*** Opening of Material for the task ***

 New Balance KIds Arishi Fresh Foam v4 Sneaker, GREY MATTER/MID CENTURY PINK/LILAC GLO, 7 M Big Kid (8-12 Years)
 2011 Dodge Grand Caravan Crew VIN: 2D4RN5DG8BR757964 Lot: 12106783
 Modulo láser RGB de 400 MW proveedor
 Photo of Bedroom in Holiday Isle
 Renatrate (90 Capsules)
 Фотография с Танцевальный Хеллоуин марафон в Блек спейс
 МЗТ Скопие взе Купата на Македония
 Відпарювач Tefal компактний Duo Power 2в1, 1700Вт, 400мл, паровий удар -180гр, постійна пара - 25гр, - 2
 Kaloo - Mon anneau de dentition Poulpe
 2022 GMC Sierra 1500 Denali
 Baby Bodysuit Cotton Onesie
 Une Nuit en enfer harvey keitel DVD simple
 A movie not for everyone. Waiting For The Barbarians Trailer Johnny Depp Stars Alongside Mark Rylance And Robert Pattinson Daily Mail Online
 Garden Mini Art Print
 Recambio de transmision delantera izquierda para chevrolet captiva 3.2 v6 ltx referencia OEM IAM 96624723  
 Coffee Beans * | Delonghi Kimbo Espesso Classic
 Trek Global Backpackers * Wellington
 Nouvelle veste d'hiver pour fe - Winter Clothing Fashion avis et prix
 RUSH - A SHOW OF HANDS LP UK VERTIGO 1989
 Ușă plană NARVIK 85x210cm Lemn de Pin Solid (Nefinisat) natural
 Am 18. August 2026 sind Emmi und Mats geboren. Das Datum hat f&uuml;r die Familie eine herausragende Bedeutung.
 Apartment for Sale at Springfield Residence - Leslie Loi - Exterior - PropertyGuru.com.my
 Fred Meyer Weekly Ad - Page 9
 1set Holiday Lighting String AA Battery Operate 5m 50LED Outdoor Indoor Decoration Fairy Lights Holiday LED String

*** Close of Material for the task ***

Filter the data, keeping only the lines that contain "Holiday".

 Photo of Bedroom in Holiday Isle
 1set Holiday Lighting String AA Battery Operate 5m 50LED Outdoor Indoor Decoration Fairy Lights Holiday LED String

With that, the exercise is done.